Visualizing US Arrests with Hierarchical Clustering and t-SNE
Clustering techniques are powerful tools for uncovering hidden patterns in data. In the field of machine learning, they help us group similar data points without prior labels. While K-Means is an effective and widely used clustering algorithm, as discussed in the previous blog post , it has limitations, such as requiring the number of clusters to be predefined.
To build on that analysis, we’ll explore hierarchical clustering, which offers a more flexible approach by revealing cluster structures at multiple levels. Additionally, we’ll leverage t-Distributed Stochastic Neighbor Embedding (t-SNE), a powerful dimensionality reduction technique to visualize the complex relationships within the data.
Using the US Arrests dataset, which contains crime statistics for each U.S. state, we’ll identify natural groupings and analyze regional crime trends. By comparing hierarchical clustering with K-Means and enhancing our visual understanding with t-SNE, we aim to gain deeper insights into crime patterns across the United States.
Table of Contents
Understanding the US Arrests Dataset
This dataset captures arrest rates per 100,000 residents for three major crimes—assault, murder, and rape—across all 50 U.S. states in 1973. Additionally, it includes the percentage of the population living in urban areas (UrbanPop), offering insights into how crime correlates with urbanization.
Why This Dataset?
- Structured for clustering: The numeric features (arrest rates) allow us to group states with similar crime profiles.
- Temporal snapshot: The 1973 data provide a historical lens, revealing trends before modern policing reforms.
- Urban-rural dynamics: UrbanPop lets us explore whether crime rates scale with city density.
How We’ll Use It
By applying hierarchical clustering, we’ll identify natural groupings of states with comparable crime patterns.
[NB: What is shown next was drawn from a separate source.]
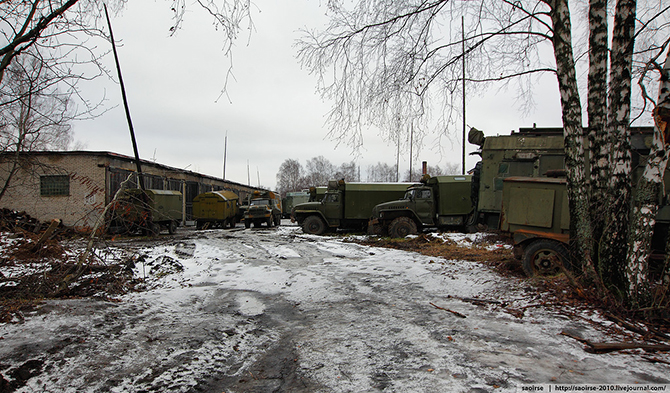 Березки, снег и списанная военная техника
Later, t-SNE will help visualize these relationships in 2D, validating whether clusters align with geographic or socioeconomic trends.
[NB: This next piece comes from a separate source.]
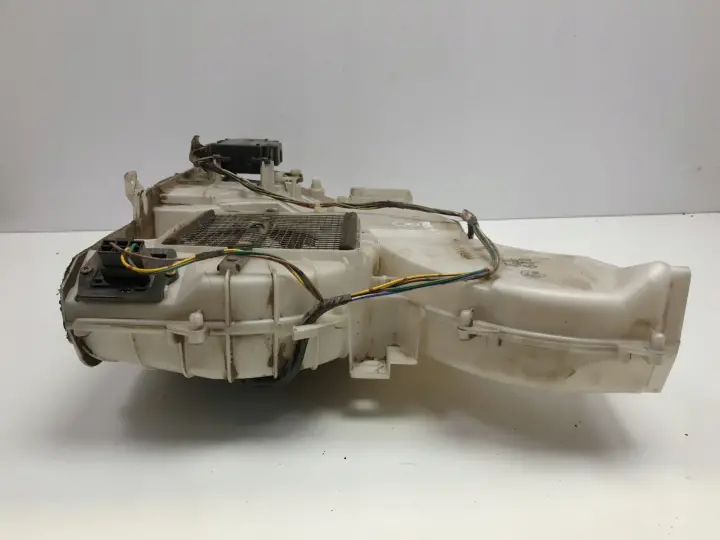 876b99d38192256715358844221ee864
Hierarchical Clustering Explained
Hierarchical clustering is an unsupervised machine learning algorithm used to group unlabeled data points based on their similarity. Like K-Means clustering, it aims to find natural clusters in the data. However, a key difference is that hierarchical clustering does not require specifying the number of clusters (K) in advance, making it more flexible for exploratory analysis.
Unlike K-Means, which assigns points to fixed clusters, hierarchical clustering produces a tree-like structure called a dendrogram. This structure allows us to see how clusters are formed at different levels, making it easier to analyze relationships between data points.
Types of Hierarchical Clustering
Hierarchical clustering comes in two main flavors:
- Agglomerative (Bottom-Up)
This is the most common approach. It starts by treating each data point as its own cluster, then iteratively merges the closest pairs of clusters until all points belong to a single cluster. This process is visualized in a dendrogram, where lower branches represent smaller clusters that merge into larger ones. - Divisive (Top-Down)
Less commonly used, this method starts with all data points in one large cluster and recursively splits them into smaller clusters. It continues dividing until each data point is in its own individual cluster.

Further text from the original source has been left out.